G7 leaders are meeting for their first in-person talks in nearly two years, with an expected pledge to donate one billion COVID-19 vaccine doses to the world's poorest countries.
The club of leading economies – Canada, France, Germany, Italy, Japan, the United Kingdom and the United States – say a joint approach is the world's best chance for recovering from the global health crisis and tackling climate change.
As the summit opened at the seaside resort of Carbis Bay in Cornwall, southwest England on June 11, British Prime Minister Boris Johnson told leaders the gathering was a chance to learn lessons from the coronavirus pandemic and ensure they do not repeat any errors.
"We need to make sure that we now allow our economies to recover," he said, adding that a more equitable future for the world was essential.
"We need to make sure that when we recover, we level up and we build back better. We have a huge opportunity to do that as G7," he added.

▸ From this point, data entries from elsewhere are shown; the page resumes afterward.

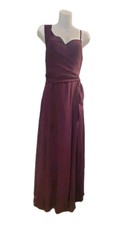 Azazie Women's Deep Purple Bridesmaid Dress Size A2 Gown. Versatile Top/Sash.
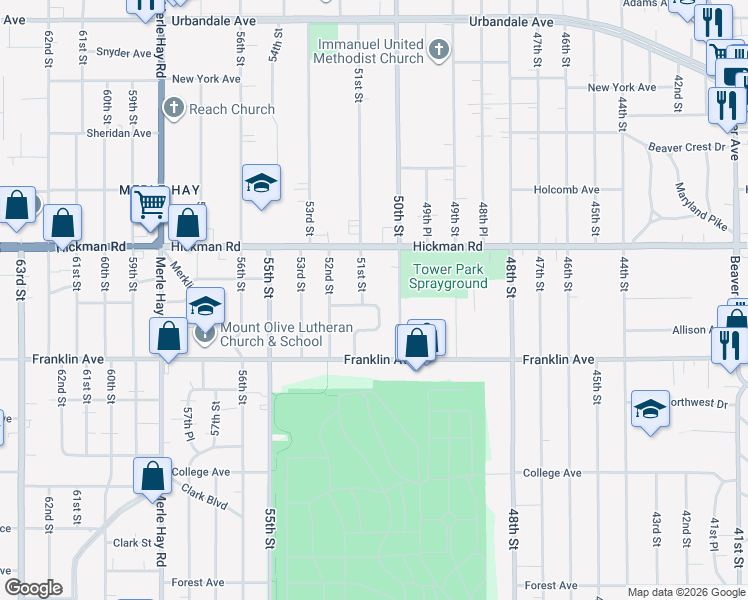 map of restaurants, bars, coffee shops, grocery stores, and more near 5021 Lincoln Avenue in Des Moines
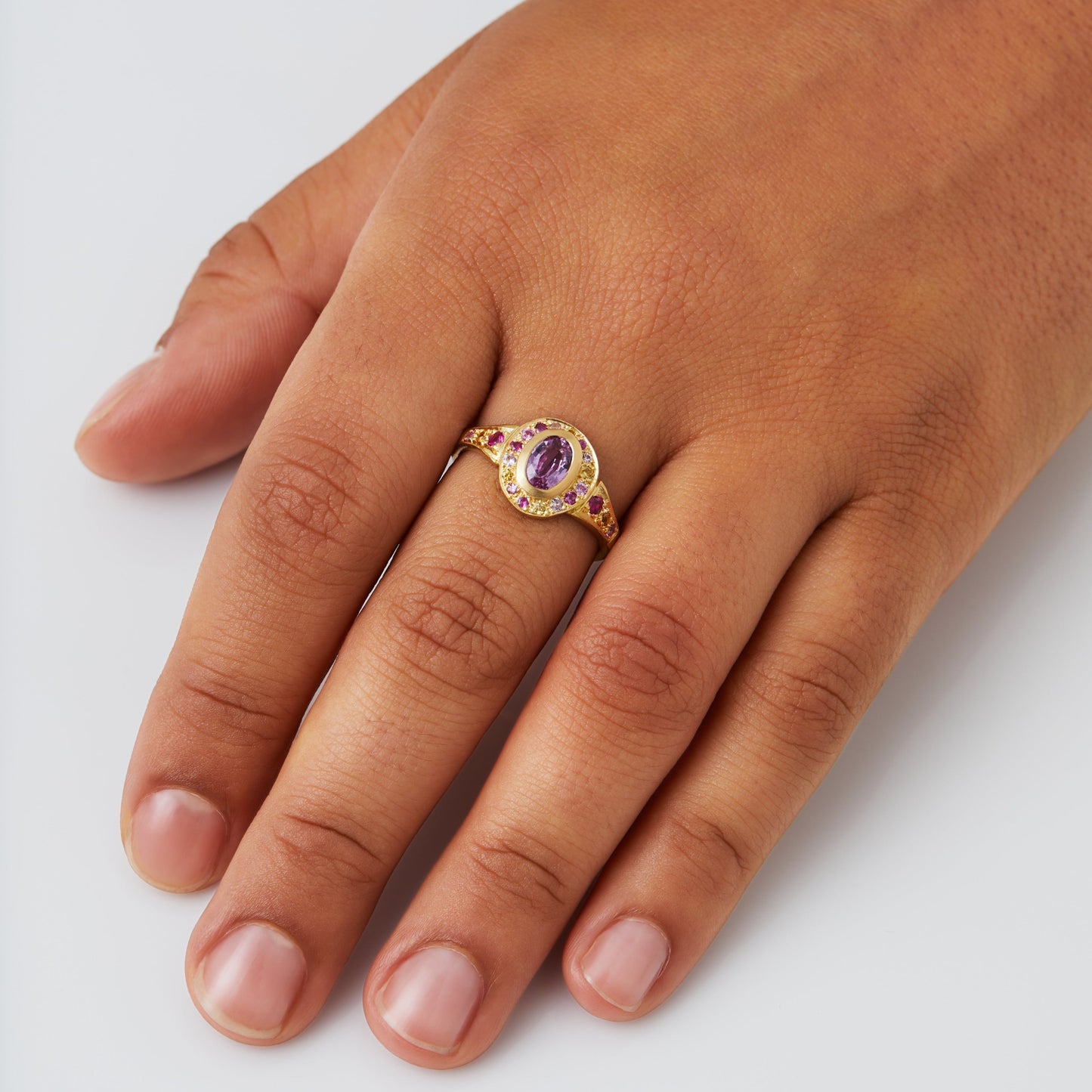 Shades of Pink Sapphire Roman Ring, In 18ct Yellow Gold, Size P (In Stock)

But regarding the plan to donate vaccines, campaigners said the pledge – which includes 500 million US doses and 100 million from the UK – does not go far enough.
"If the best G7 leaders can manage is to donate one billion vaccine doses then this summit will have been a failure," Oxfam's health policy manager Anna Marriott said, insisting the world needs 11 billion doses instead as she called for a global waiver on patent protections for vaccines.